Data entries
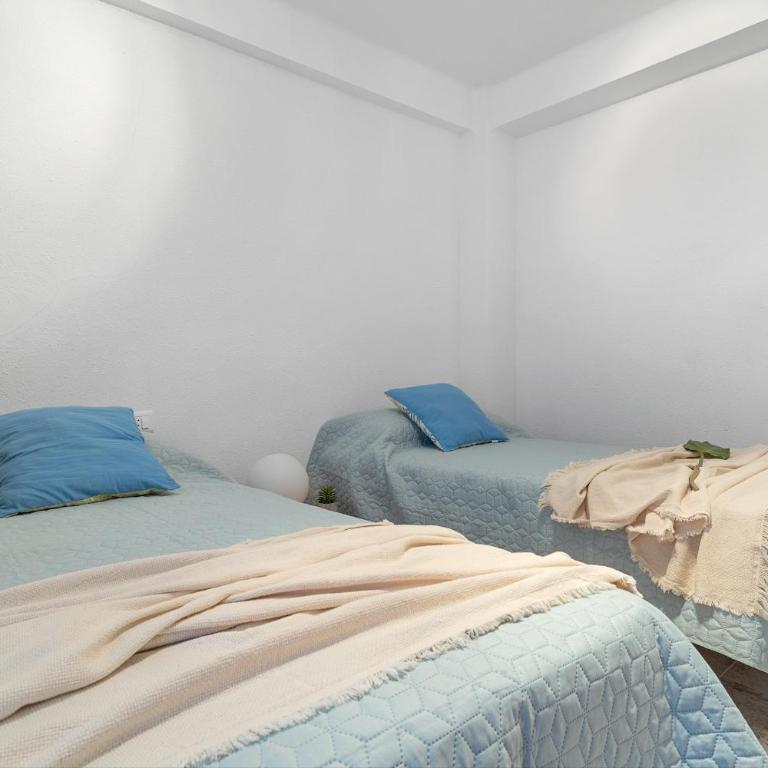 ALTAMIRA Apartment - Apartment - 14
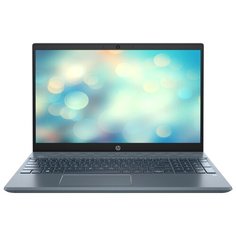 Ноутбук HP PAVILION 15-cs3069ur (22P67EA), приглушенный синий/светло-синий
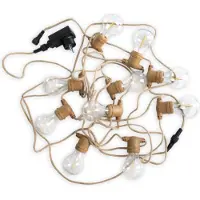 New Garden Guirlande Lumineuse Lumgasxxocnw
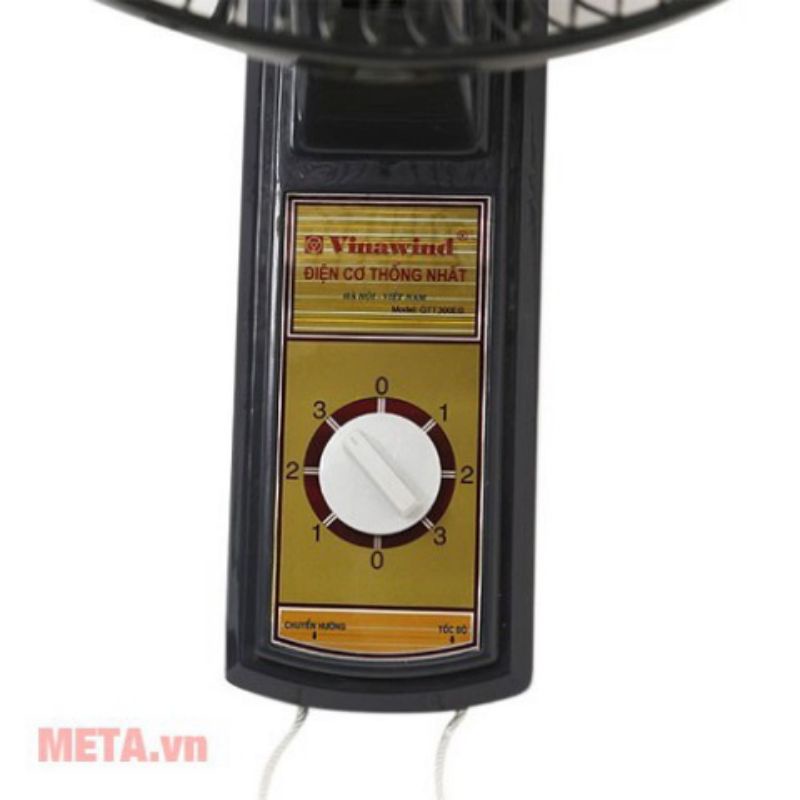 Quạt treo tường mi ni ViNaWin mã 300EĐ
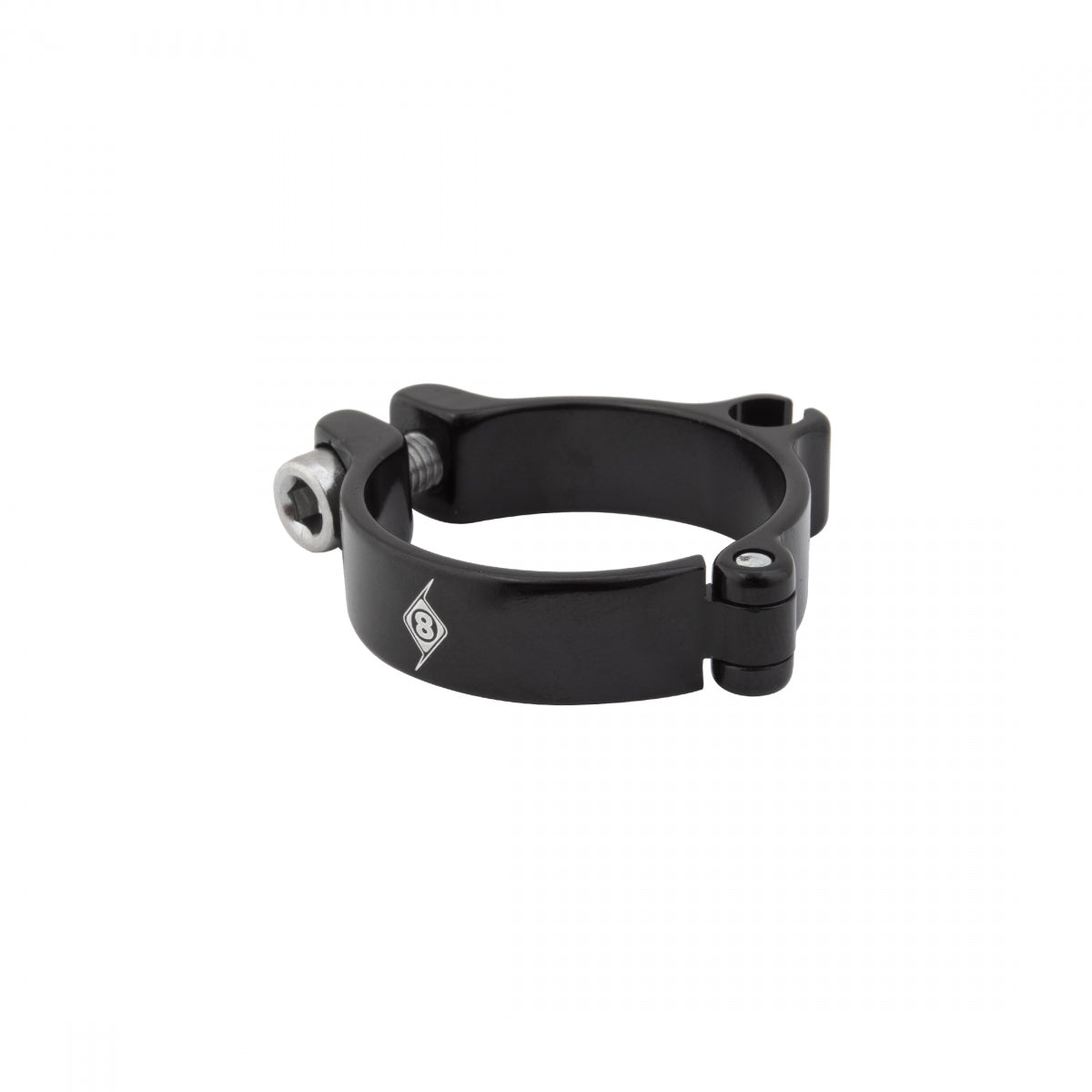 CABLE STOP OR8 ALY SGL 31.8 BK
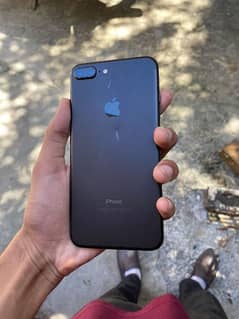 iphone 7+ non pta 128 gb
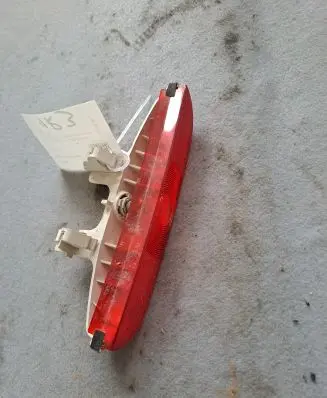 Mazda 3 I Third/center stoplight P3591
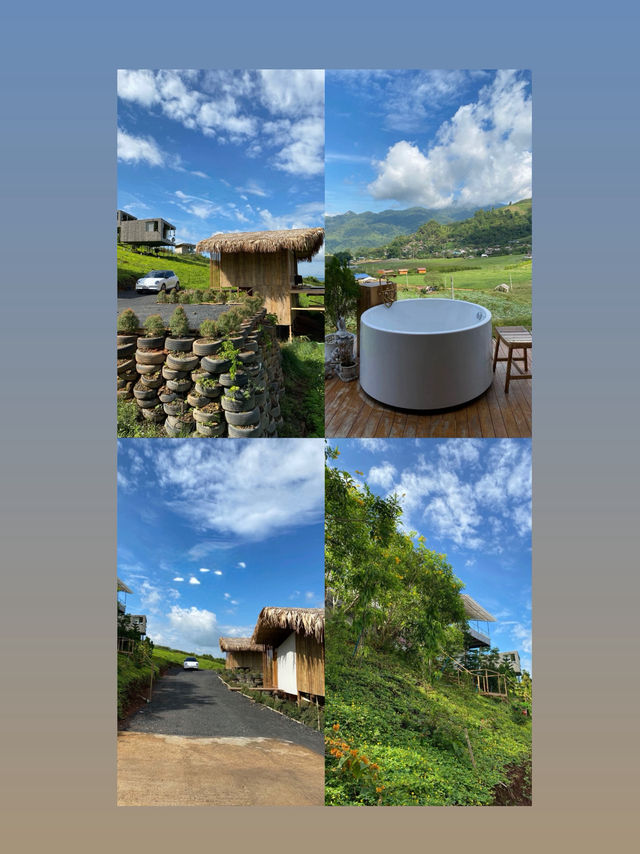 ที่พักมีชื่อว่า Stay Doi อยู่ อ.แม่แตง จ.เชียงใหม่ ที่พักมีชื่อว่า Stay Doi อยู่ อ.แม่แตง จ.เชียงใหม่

**Task statement**
Return every entry above word for word, and include no images.

**Exercise response**
 ALTAMIRA Apartment - Apartment - 14
 Ноутбук HP PAVILION 15-cs3069ur (22P67EA), приглушенный синий/светло-синий
 New Garden Guirlande Lumineuse Lumgasxxocnw
 Quạt treo tường mi ni ViNaWin mã 300EĐ
 CABLE STOP OR8 ALY SGL 31.8 BK
 iphone 7+ non pta 128 gb
 Mazda 3 I Third/center stoplight P3591
 ที่พักมีชื่อว่า Stay Doi อยู่ อ.แม่แตง จ.เชียงใหม่ ที่พักมีชื่อว่า Stay Doi อยู่ อ.แม่แตง จ.เชียงใหม่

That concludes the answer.